Microsoft Corporate Vice President Scott Guthrie, who is transitioning out of the Developer Division to lead the newly created Windows Azure Application Team, according to a leaked memo, whose contents were reported last week by Mary Jo Foley, has clarified his new role at Microsoft to a certain extent.

Guthrie replied to comments about his upcoming transition in his ASP.NET MVC 3 Tools Update blog, on May 3, 2011:

>>>>>> Scott, very sad to hear you are leaving .NET team :-( YOU were the main mentor to reach .NET to this stage...God bless .NET!

Don't worry - I'm not leaving .NET. I continue to run a lot of the core .NET teams (ASP.NET, WCF, WF, AppFabric, IIS, VS Web Tools, WebMatrix, among others).

I'm also spending a lot of time on Azure. But I'm not leaving .NET :-)

He offered a similar response to another commenter on his EF Code First and Data Scaffolding with the ASP.NET MVC 3 Tools Update on May 5, 2011:

>>>>>>>> As detailed and clear as ever! This is really kool !! Scott is the news(or rumor) of ur imminent transfer to the AZURE TEAM real ? I just hope Redmond is making a right calculation here.I will suggest you head both Azure and Dev Div teams together. Missing the kind of mentoring u'v shown the community will be a disaster to say the least...

I'm now involved in Azure - but am also very involved with .NET and VS too. I still run a lot of the .NET and some VS teams (including ASP.NET, WCF, WF, AppFabric, VS Web Tools, IIS, WebMatrix and more).

So don't worry - I'm not going anywhere... ;-)

Of course, Windows Azure is based on Windows/.NET and the applications are developed in Visual Studio. However, Windows Azure and the Windows Azure Tools are not part of the Developer Division, which is responsible for Visual Studio and the core .NET platform.
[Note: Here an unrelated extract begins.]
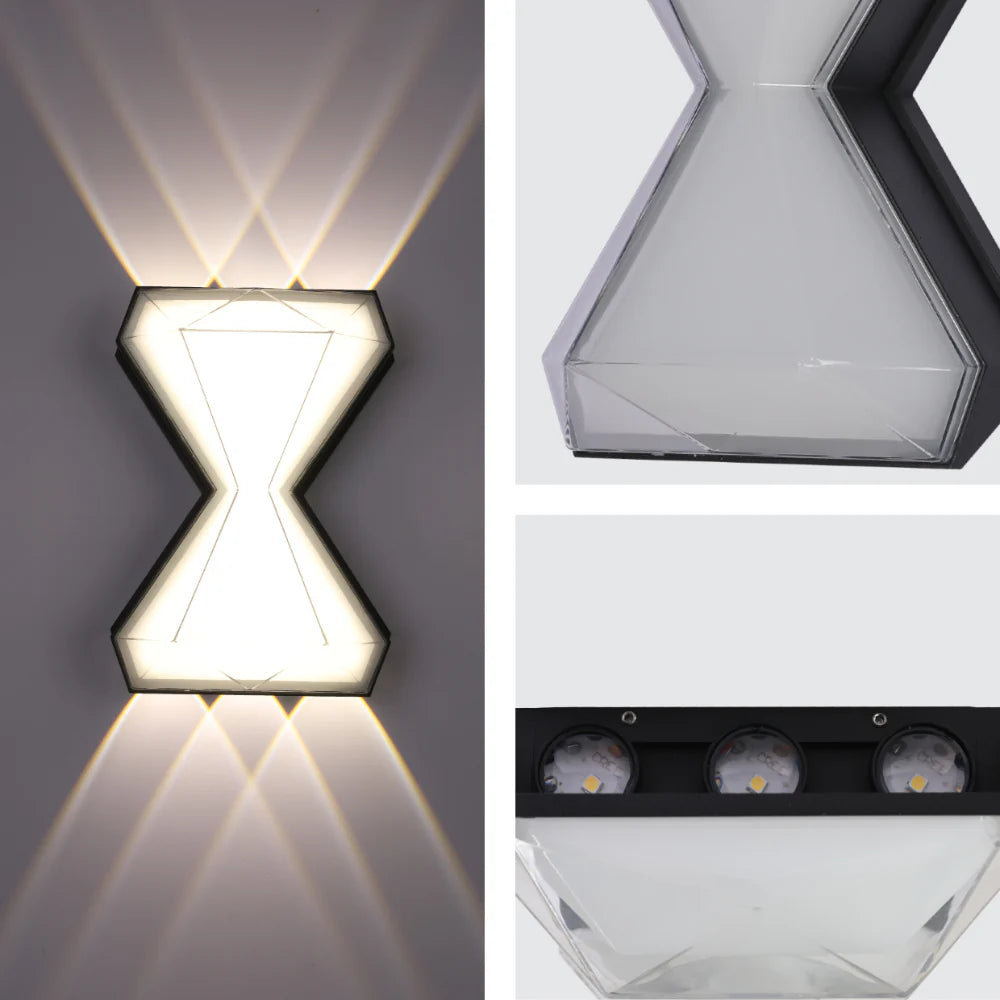 Hourglass Up Down Decorative Modern LED Wall Light Black 4000K 12W 7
Migration of ASP.NET Web apps to Windows Azure is one of the paths to Azure but that transition is not as straightforward as it sounds – at least at this point.

Guthrie's leadership of ASP.NET and extensions like ASP.NET MVC, which is designed for scalability, according to Microsoft, combined with his new role as head of the Windows Azure Apps Team, points to another .NET platform-as-a-service that could serve as a model for an easier on-ramp to Windows Azure. AppHarbor, which is in public beta, is a .NET platform-as-a-service provider that takes your source code and then builds, tests and deploys your app in the cloud – currently on Amazon Web Services.

Several Microsoft developer evangelists have talked about AppHarbor in recent months, namely Scott Hanselman, who interviewed AppHarbor's Rune Sørensen in a podcast, and Aaron Evansteed.

Evansteed lauded AppHarbor and explained the PaaS in his blog in January:

Instead of managing a number of virtual machines on a service like EC2, you manage a number of application instances or some other such abstraction. PaaS combined with a continuous build / deployment system is a powerful combination indeed and allows for unparalleled productivity for agile web developers and startups.

.NET developers have had PaaS available to them for a couple of years in the form [of] Windows Azure, but Azure is really meant to service the needs of rapidly growing services and cloud applications, not brand new projects that have no users yet.

AppHarbor fills two needs that are unmet by Azure – it makes it easy (and currently, free) for .NET developers to have access to a Git-enabled continuous development environment, something which our friends on Rails have had for a long time, and it supports the sorts of rapid build / test / deploy workflow that is common among agile groups and startups in particular.

This, in my opinion, makes AppHarbor the perfect starting place in the lifecycle for any new ASP.NET or WCF project.

AppHarbor is modeled after Heroku, a Ruby PaaS that offers a simple deployment mechanism and doesn't require code modifications, according to Sørensen.

A similar offering from Microsoft, or partnership with AppHarbor (based on Guthrie's openness to innovative .NET frameworks) may be on the horizon.